» **Input data**
┌──
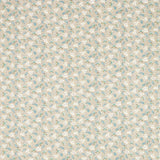 Sanderson Dallimore Fawn/ Multi Fabric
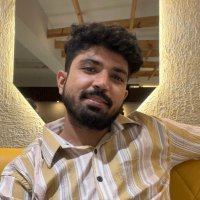 rahul saini (@rahulsa53737172) 's Twitter Profile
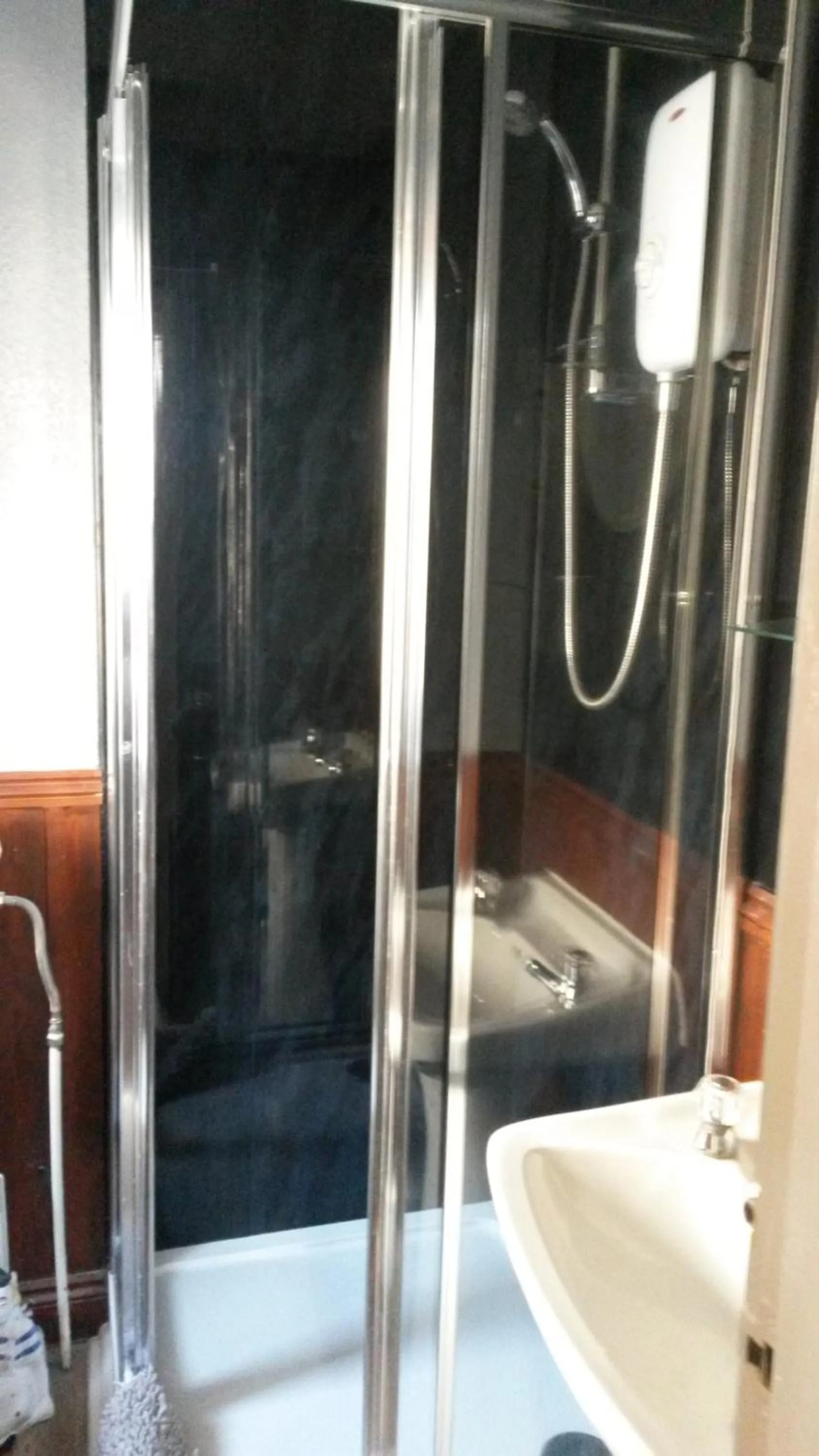 Other in The Derby Hotel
└──
» **Directions**
Copy word for word every line from the one holding "rahul saini (@rahulsa53737172)" to the end of the listing, both ends included, but do not copy any pictures.

» **Task result**
 rahul saini (@rahulsa53737172) 's Twitter Profile
 Other in The Derby Hotel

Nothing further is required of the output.